The rifts raise questions about whether the right tactics are being used to quell the unrest, the most sustained that Israel, Jerusalem and the West Bank have experienced since the last Palestinian uprising, or intifada, ended in 2005.
While there is agreement between Mr Netanyahu, the military and the Shin Bet security agency about broad aspects of the violence - that it is being carried out by "lone wolves" active on social media and that tensions over the al-Aqsa mosque compound in Jerusalem have contributed - the deeper causes are disputed.
Mr Netanyahu has repeatedly accused Palestinian President Mahmoud Abbas of directly inciting the unrest.
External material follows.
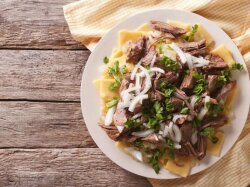 Бешбармак из свинины с домашней лапшой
He also describes it as a manifestation of Palestinians' hatred of Jews and unwillingness to accept Israel's right to exist.
"What is driving this terrorism is opposition to Israel as the nation state of the Jewish people, within any borders," he said on Sunday.
In contrast, the military and Shin Bet have tended to point to a variety of economic and socio-political factors that they see fuelling Palestinian anger and frustration.
"The motivation for action is based on feelings of national, economic and personal discrimination," Shin Bet wrote in an analysis last month. "For some of the assailants, an attack provides an escape from a desperate reality they believe cannot be changed."
At a Cabinet meeting in November, the head of the army's intelligence division gave a similar description, leading to a row with at least one minister.
Since Oct 1, when the violence began, 19 Israelis and an American have been killed. Over the same period, Israeli forces have shot dead 97 Palestinians.
As well as differences in identifying the causes, there are gaps in the approach being advocated to quell the situation.
The military, which is minutely involved in maintaining stability, is pushing for pinpoint operations that target specific perpetrators. Senior ministers want a heavier toll to be exacted on the Palestinians.
Mr Netanyahu has shown no inclination so far to launch a huge military operation, despite ramping up deployments in the West Bank. He has also rejected suggestions of offering concessions to the Palestinians to defuse tension, saying the violence has to end first.